At 5 a.m. one November morning, most of the Maritime College freshman class lined up at the boat garage on campus to load 60 large boxes into vans. In less than an hour, the seven vehicles were loaded and on their way to JFK Airport, destined for Puerto Rico.

When hurricanes Harvey and Irma hit Texas and Florida, Maritime students began collecting items for the relief effort.

When Maria hit Puerto Rico, things got personal for several Maritime students. Senior Marine Transportation major Evan Robles continued the effort, with support from the campus administration and alumni.

“I have family there; we went six weeks without being able to talk to my grandmother. This drive was personal to me,” Robles said. “The maritime field and our community is so specialized yet what we do is global. The merchant marine is a humanitarian service. It’s our job.”

The student collection drive was not the only outlet through which Maritime College has supported the relief. The federal government activated the college training ship, Empire State VI, to respond to the hurricanes and members of the college staff and alumni were among the ship’s professional crew.
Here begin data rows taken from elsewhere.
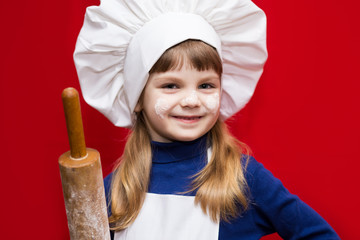 Happy little girl in chef uniform holds rolling pin isolated on red. Kid chef. Cooking Process Concept 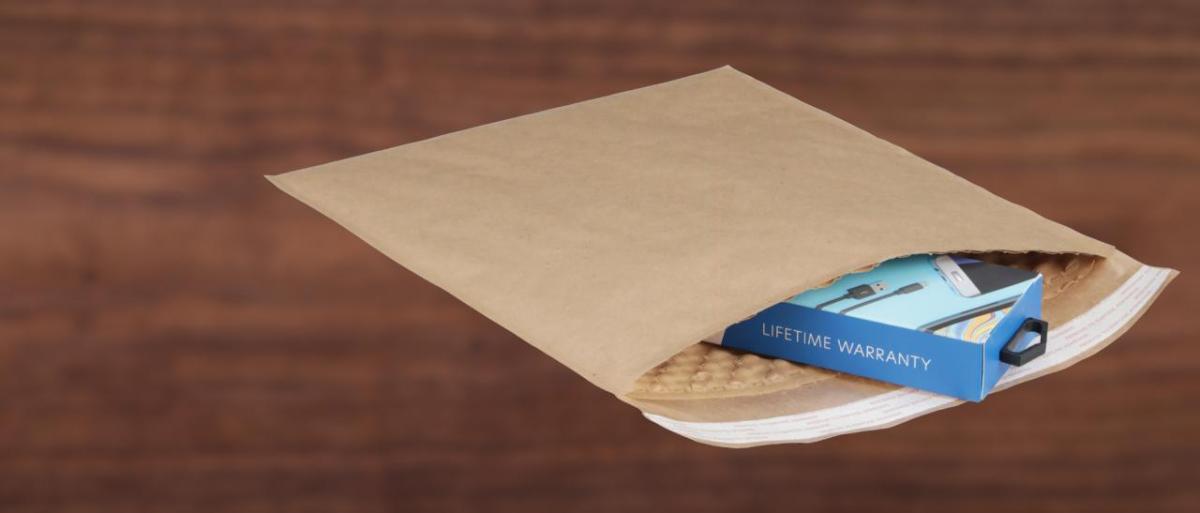 Brown paper mailing envelope with small product inside
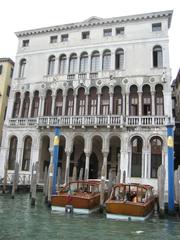 Venice canal with gondolas and historic buildings including Ca' Loredan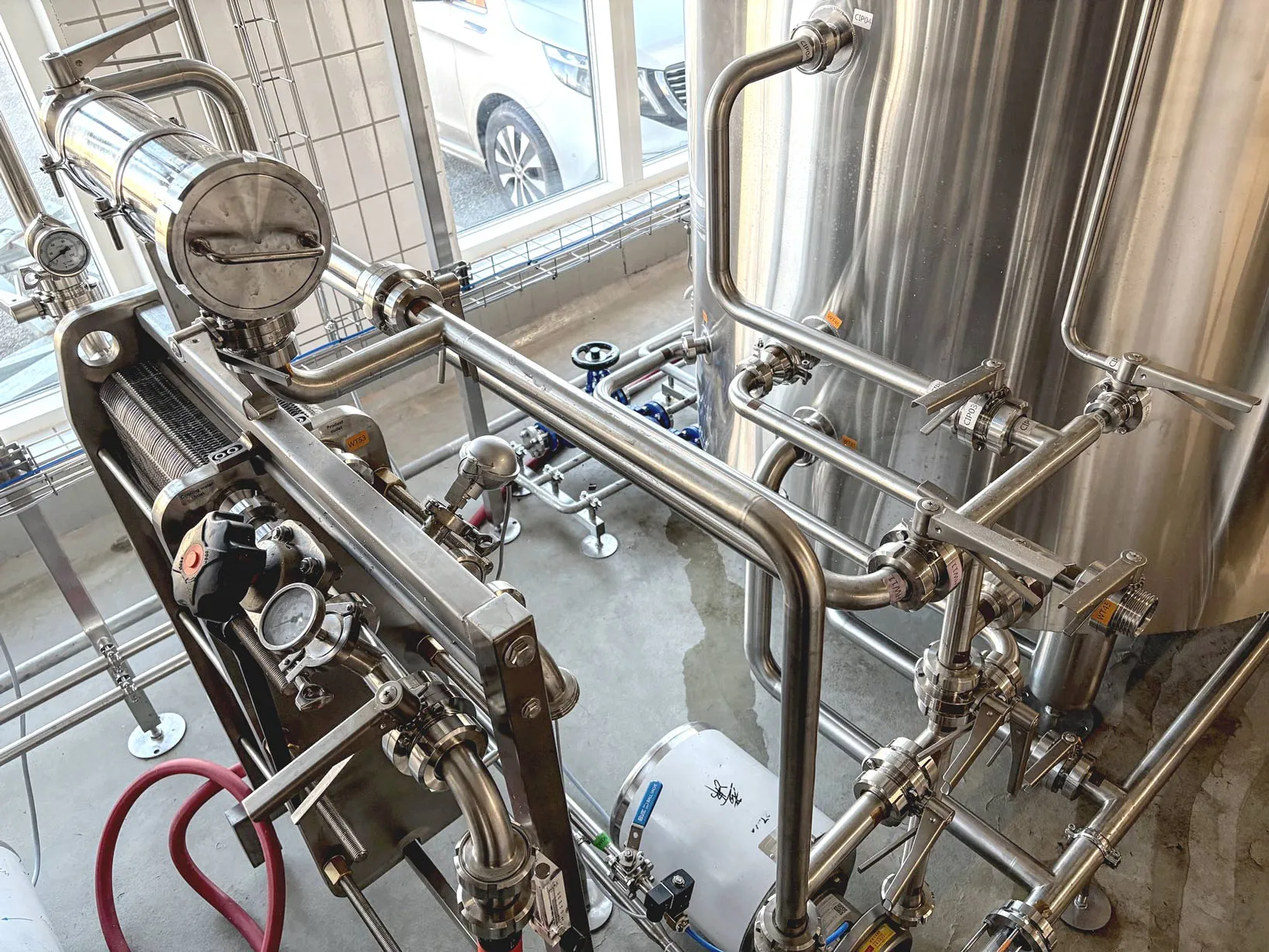 Hvide Sande Bryghus waterfront taproom with visible 10HL brewing area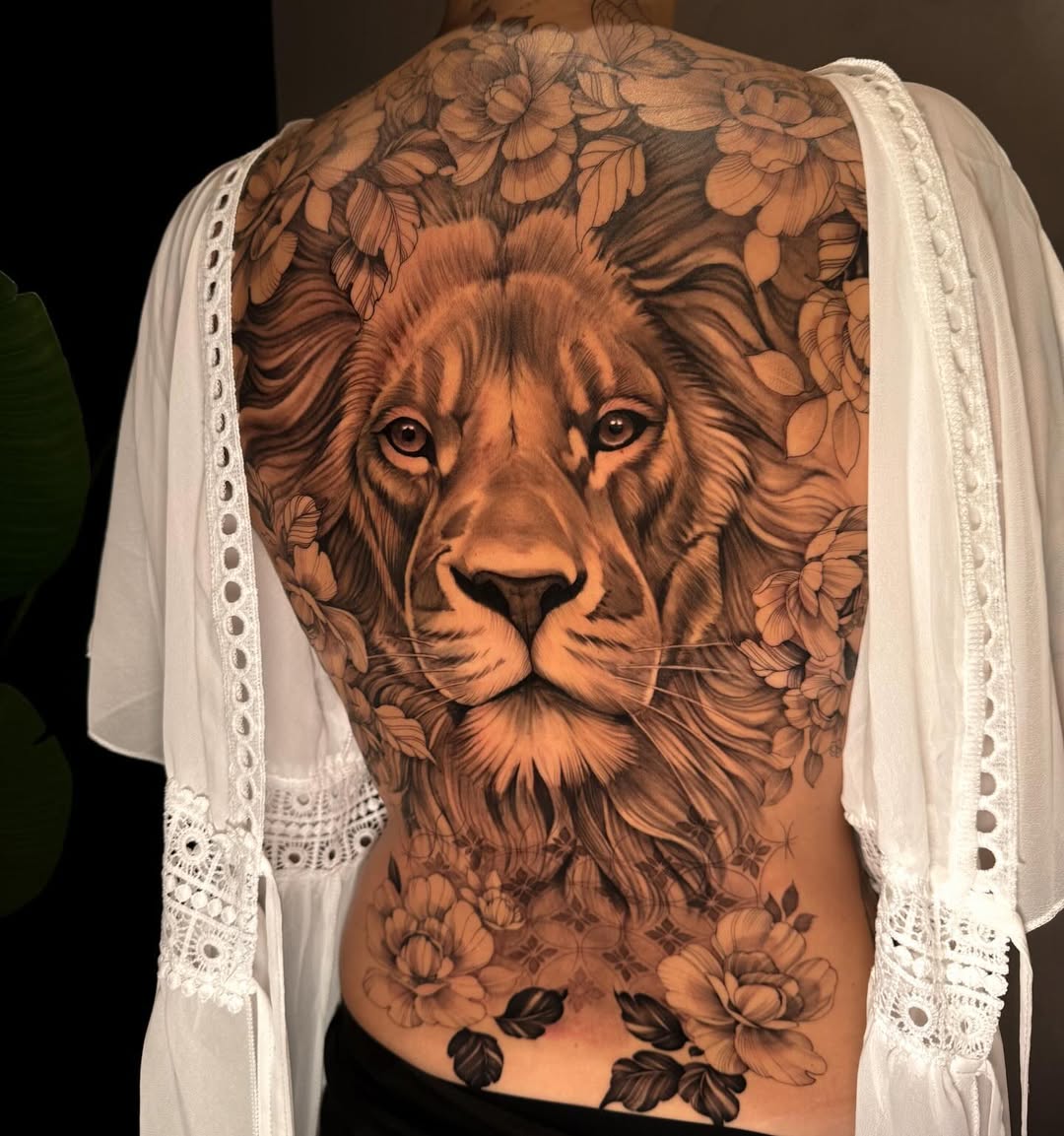 Monumental black-and-gray lion head framed by blossoms on back.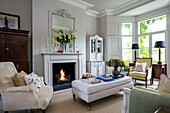 Lit fire with armchair and ottoman in London living room UK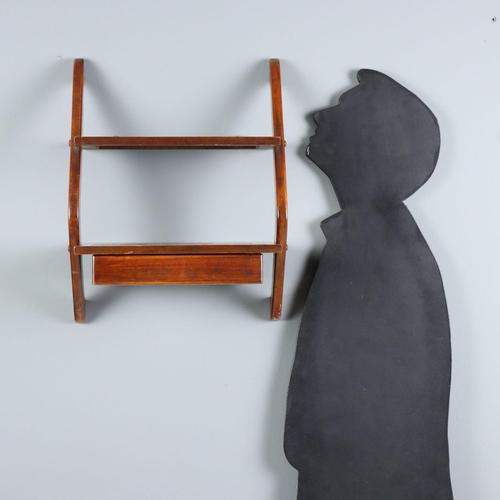 Wall-mounted shelves, one with an under-counter drawer. Made of mahogany and walnut veneer. In good condition. This piece...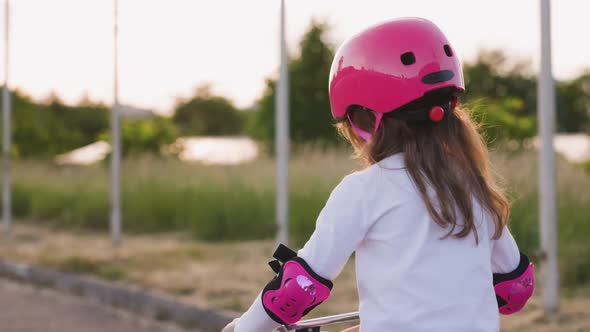 Cute Light Hair Little Girl in Pink Helmet in Elbow and Knee Pads Rides a Bicycle and Turns Back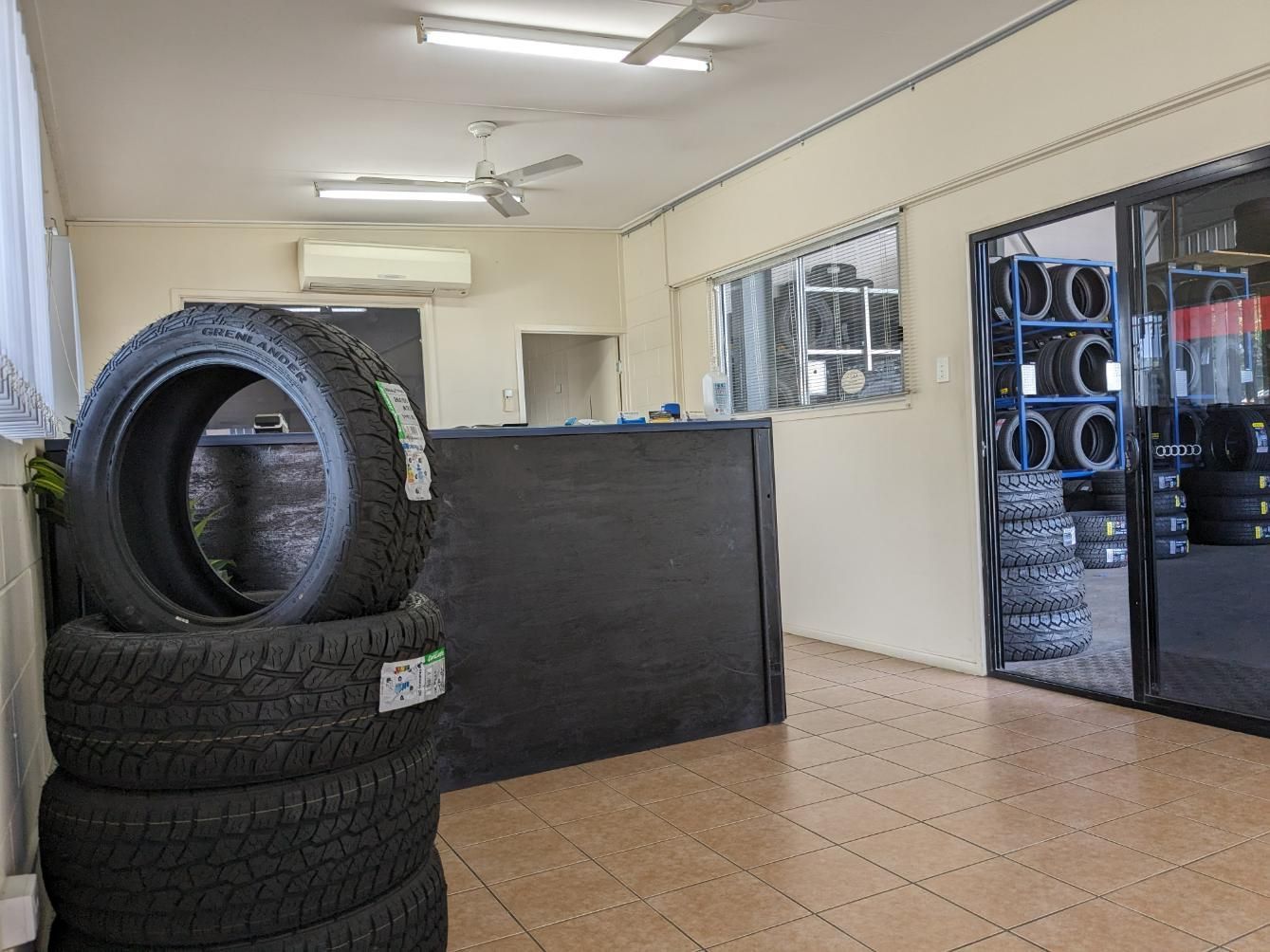 A Stack of Tires Is Sitting on Top of A Counter in A Room — Petersen's Second Hand & New Tyres in Currajong, QLD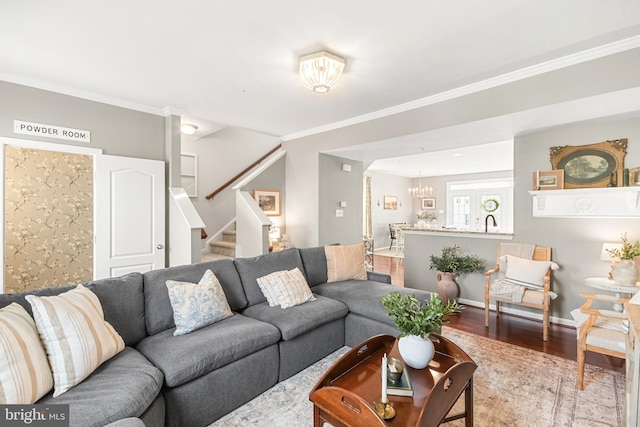 living room with crown molding, wood-type flooring, and a notable chandelier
Pallets of donated goods – collected on campus and across the SUNY system – were loaded in the ship’s holds and delivered to Puerto Rico as well.

But students started their drive before the ship was activated and continued collecting items for most of the fall semester, sorting and boxing the donations as they came in. Storage space for the donations eventually took up a significant portion of the boat garage.

The campus drive’s organizers originally planned to transport the donated items the way that comes naturally for Maritime students – by ship. But the Puerto Rican ports were so backlogged with donations that they couldn’t find a carrier to take them. So Robles, with help from campus staff, got in touch with the state Division of Homeland Security and Emergency Services, which worked to find a plane to deliver the items.

The donations included: 14 boxes of personal hygiene items, 12 boxes of blankets and clothes, nine boxes of canned food, four pallets of water, four boxes each of paper towels and dog food, and a box of flashlights and batteries, among others.